■ ABOUT THIS EXERCISE ■
Retype nothing except the lines below from the one with "A rocking chair" through the one with "online - Mallorca", exactly, with images left out.

○ ○ ○ ○ ○ ○ ○

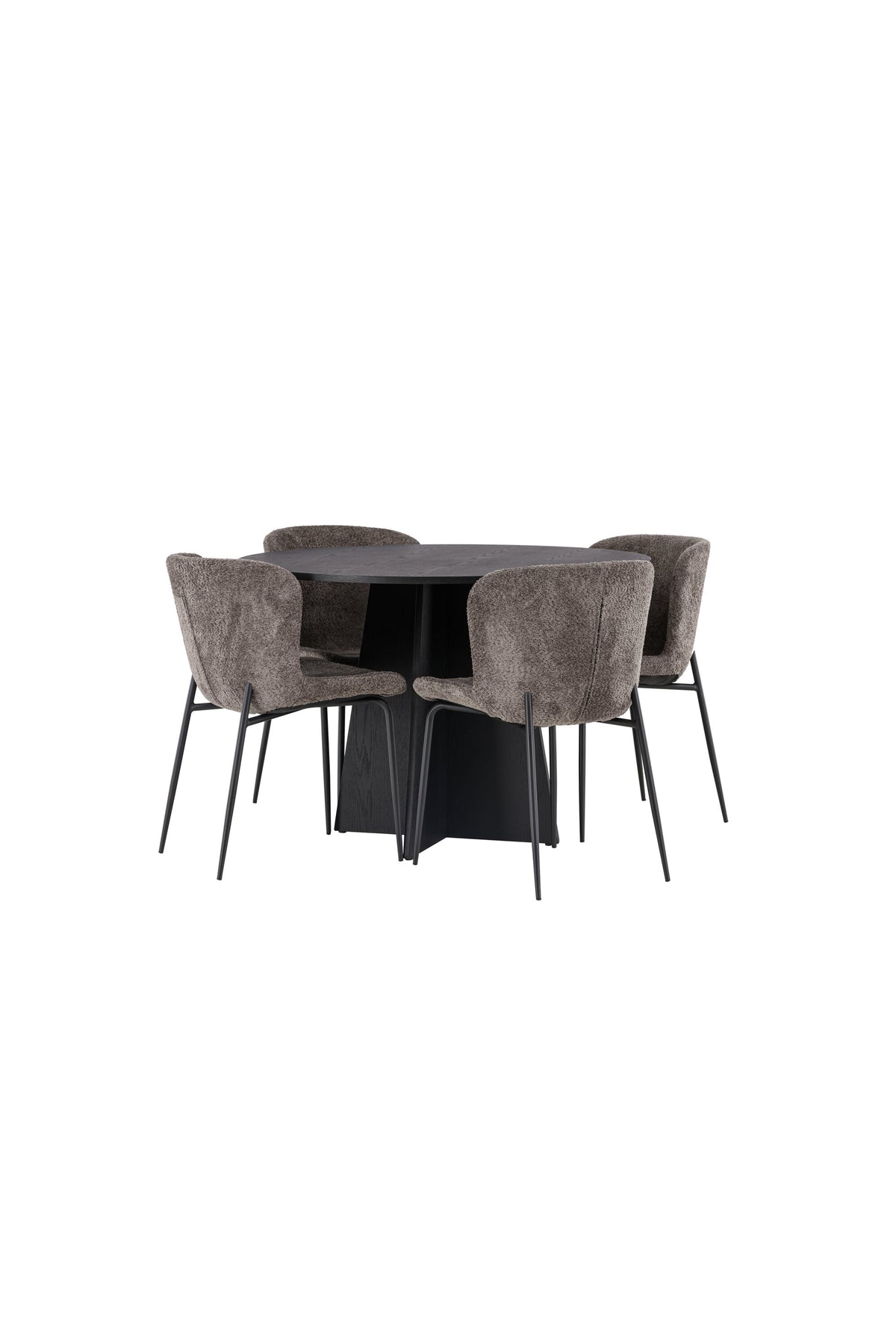 Bootcut Esszimmerset + Modesto ⌀110cm/4St. in Beige, Schwarz präsentiert im Onlineshop von KAQTU Design AG. Esszimmerset ist von Venture Home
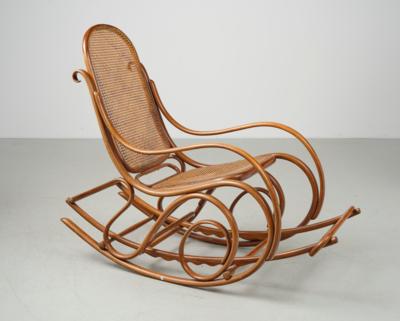 A rocking chair ("Schaukelfauteuil") with footrest ("Schaukelfußablage"), model number 4, and model number B, designed before 1904, executed by Gebrüder Thonet, Vienna - Jugendstil e arte applicata del XX secolo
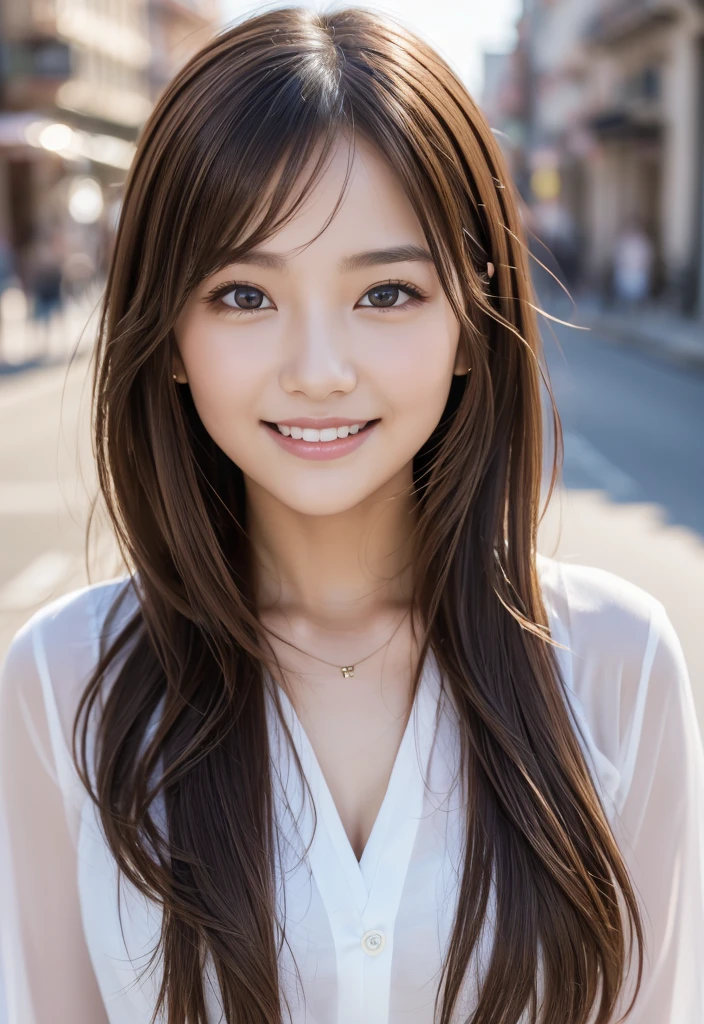 (masterpiece, Highest quality:1.1), (8K, RAW Photos, Photo Real:1.2, f22), (Shiny skin), Detailed skin,Long Hair,ribbon,Detailed face, Fine grain,smilee,break, Real World, Intricate details, smile, break, One girl, whole body,(All-in-one,brown)break, (Morning City:1.4)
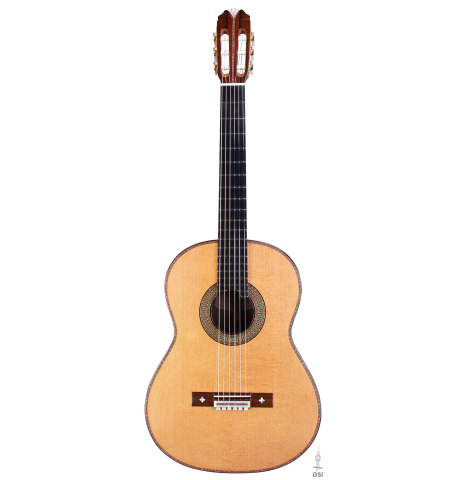 The front of a 2016 Teodoro Perez "50th Anniversary" classical guitar made of cedar and CSA rosewood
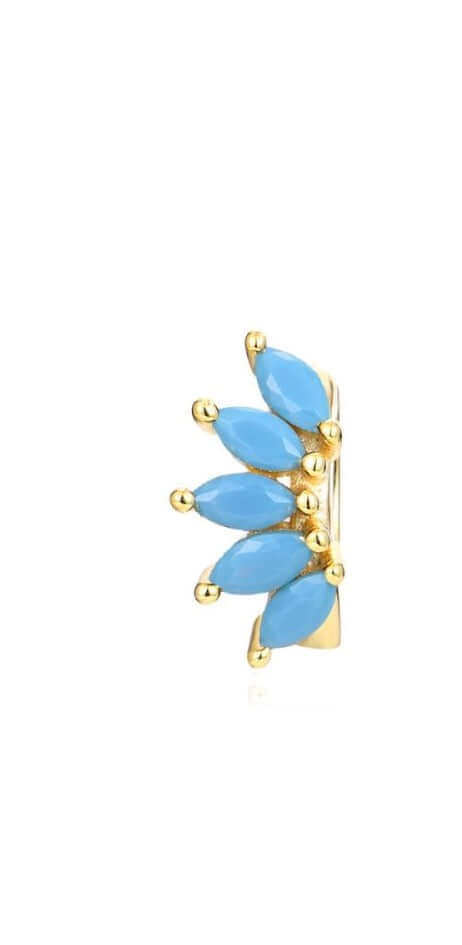 Le Marshand®  -  Joyería en plata 925, chapado en Oro 24K - Arito Abanico Turquesa - Diseños propios - Brazaletes, pulseras, collares y pendientes - Joyería online - Mallorca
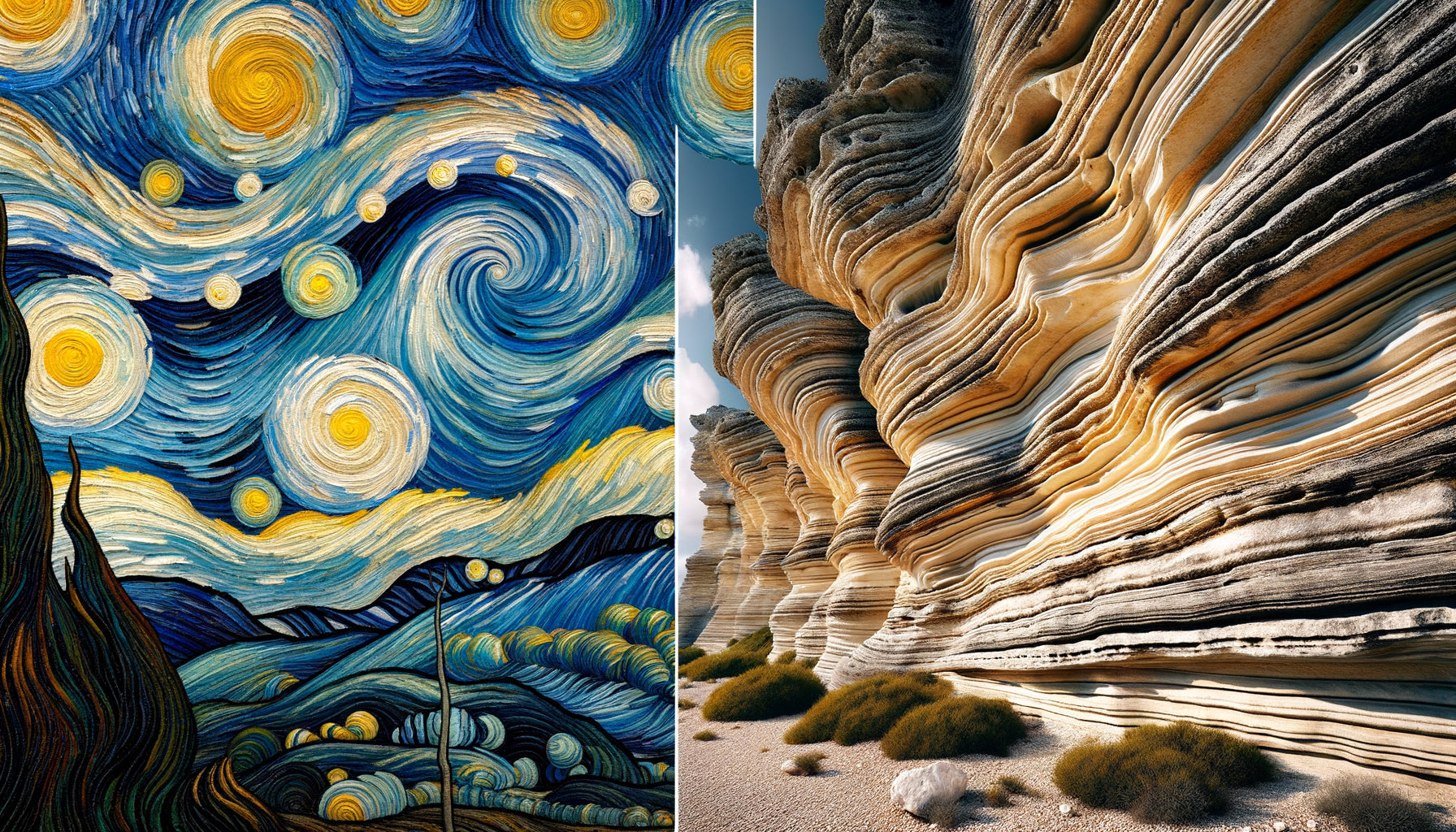 Comparaison visuelle entre les tourbillons de La Nuit étoilée de Van Gogh et formations géologiques provençales en spirale
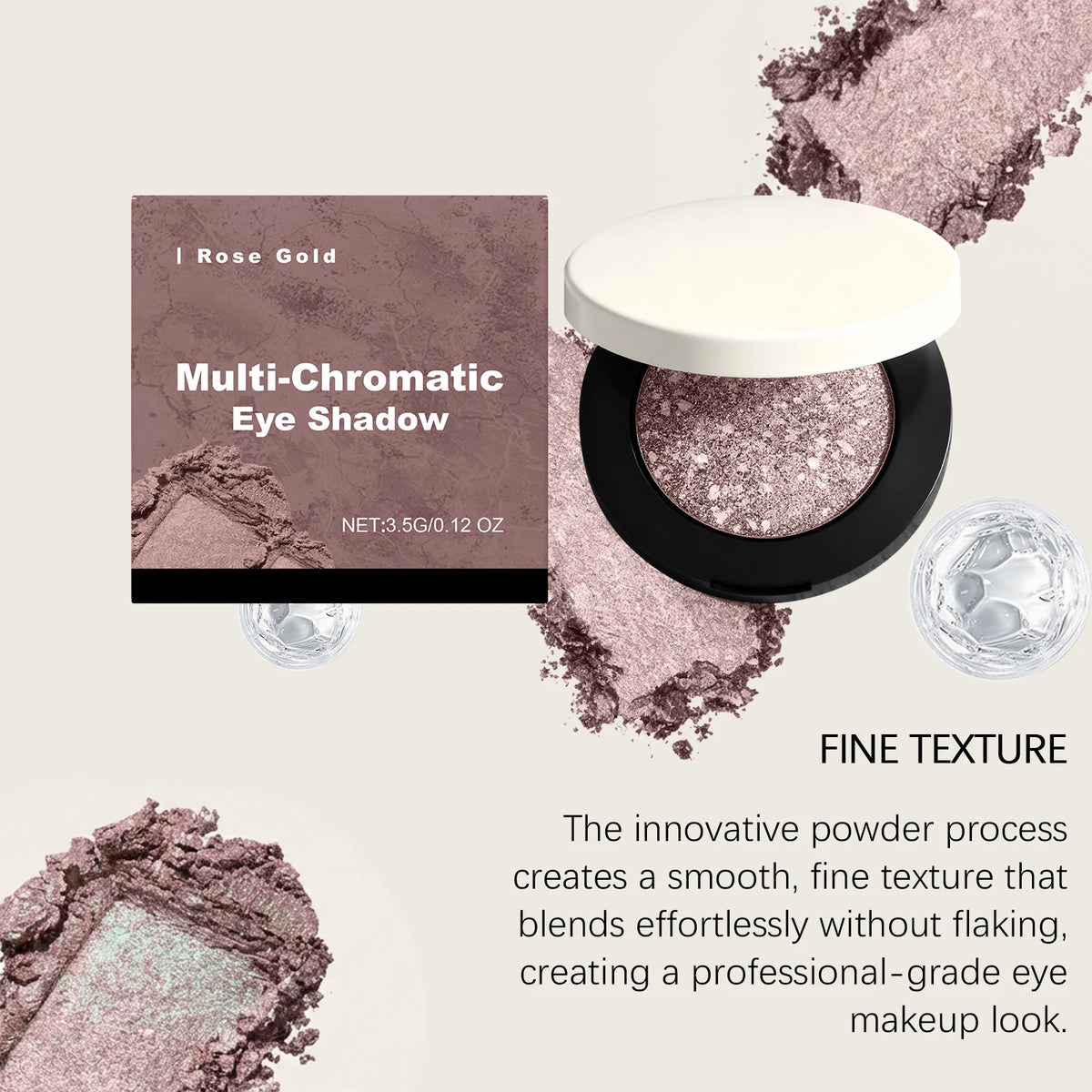 Rose gold shimmer eye shadow palette with colorful lustrous shades in a portable compact for daily makeup and travel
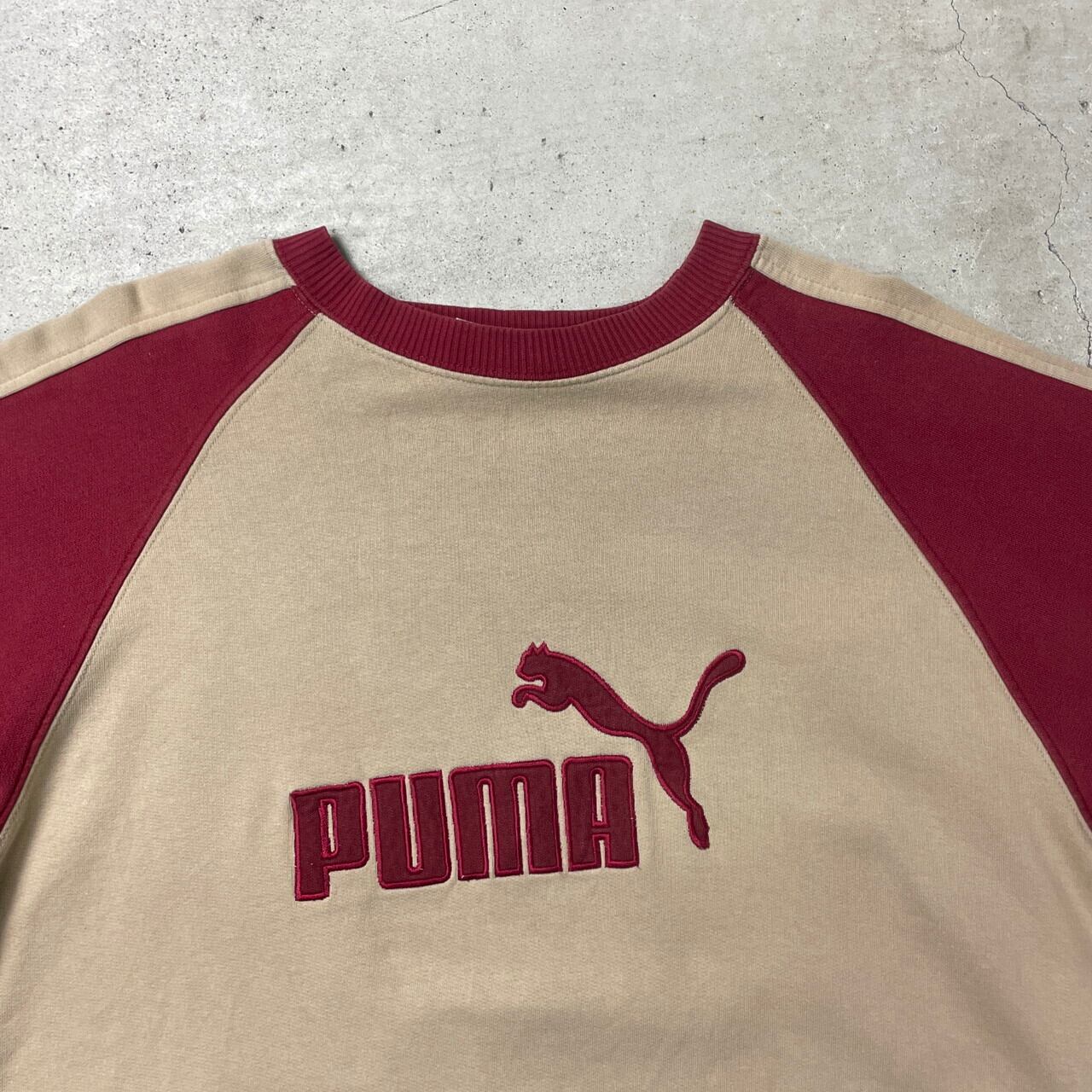 90年代 PUMA プーマ フロントロゴ 刺繍 バイカラー スウェットシャツ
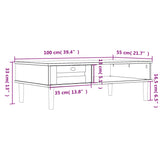 Coffee Table Senja Rattan Look 100X55X33 Cm Solid Wood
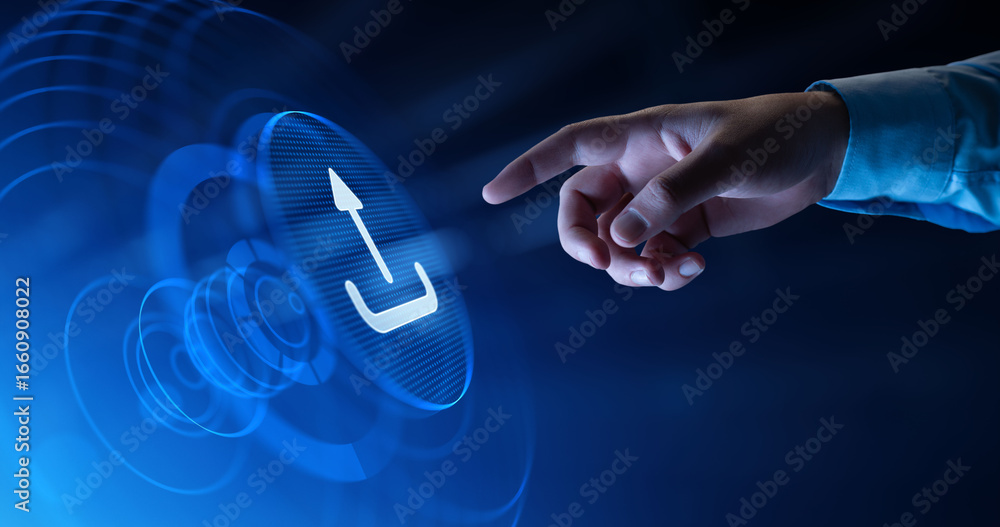 Poster finger presses digital upload icon, symbolizing data transfer and technological progress.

○ ○ ○ ○ ○ ○ ○

■ ANSWER TO THIS EXERCISE ■
 A rocking chair ("Schaukelfauteuil") with footrest ("Schaukelfußablage"), model number 4, and model number B, designed before 1904, executed by Gebrüder Thonet, Vienna - Jugendstil e arte applicata del XX secolo
 (masterpiece, Highest quality:1.1), (8K, RAW Photos, Photo Real:1.2, f22), (Shiny skin), Detailed skin,Long Hair,ribbon,Detailed face, Fine grain,smilee,break, Real World, Intricate details, smile, break, One girl, whole body,(All-in-one,brown)break, (Morning City:1.4)
 The front of a 2016 Teodoro Perez "50th Anniversary" classical guitar made of cedar and CSA rosewood
 Le Marshand®  -  Joyería en plata 925, chapado en Oro 24K - Arito Abanico Turquesa - Diseños propios - Brazaletes, pulseras, collares y pendientes - Joyería online - Mallorca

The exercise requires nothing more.